He showed a surprising lack of knowledge of the British Labour Movement. He gave to conscious and intelligent Communism a far larger place in British politics than can truly be accorded to it, seeing there is as yet no organised Communist party, but only a handful of extremists of the older Socialist movements.

When asked why he considered a certain individual to be of importance in the political world of Great Britain he gave as his reason that the British Government had arrested her! He did not seem to be aware of the fact that the policy of the British Government during the war was, as a rule, to arrest the little people who were without following and let the bigger folk go free. Scores of examples of this could have been supplied to him had it been of importance, which was not the case.

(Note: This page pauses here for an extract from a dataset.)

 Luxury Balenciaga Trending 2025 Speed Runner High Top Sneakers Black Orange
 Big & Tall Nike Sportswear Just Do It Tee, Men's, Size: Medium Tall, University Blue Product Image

Lenin believes that a very tiny Communist group, working upon a mass of inflammable human beings, suffering from unemployment and hunger, can make the revolution necessary to establish a new order of society. He urges all Communists in Great Britain to get together in one party and work to this end. He appears to think that the British revolution is imminent. He has no use for the pacifist philosophy of life and believes that only the working classes should be armed and the rest disarmed. He looks for a world-revolution in which the toiling masses shall own and control everything. I do not know from personal speech his opinion on the Polish business; but I was credibly informed that he is more or less indifferent to peace and cares little about the raising of the blockade and the resumption of trade with Great Britain. His view is simple. Everything that promotes conditions favourable for a world-revolution is to be approved. The rest matters little.

At the same time, I believe him to be altogether too sane to be ready to throw away when it offers opportunities of really beginning to develop the Communist State.

Lenin, like all the Communists, conveys the impression of awful sureness of himself, of an immovable and overpowering self-confidence. It is not the smiling self-complacency, the shallow cocksureness of that very common individual amongst us who is sure that wisdom will die with him. It is the deadly certainty that he is right and everybody who differs from him is wrong, of the scholar and fanatic who would sacrifice his own head as readily as he would sacrifice yours in the believed interests of the thing he loves. The war has proved the danger of entrusting the world’s training and the affairs of State to professors. And Lenin is above all things the keen-brained, dogmatic professor in politics.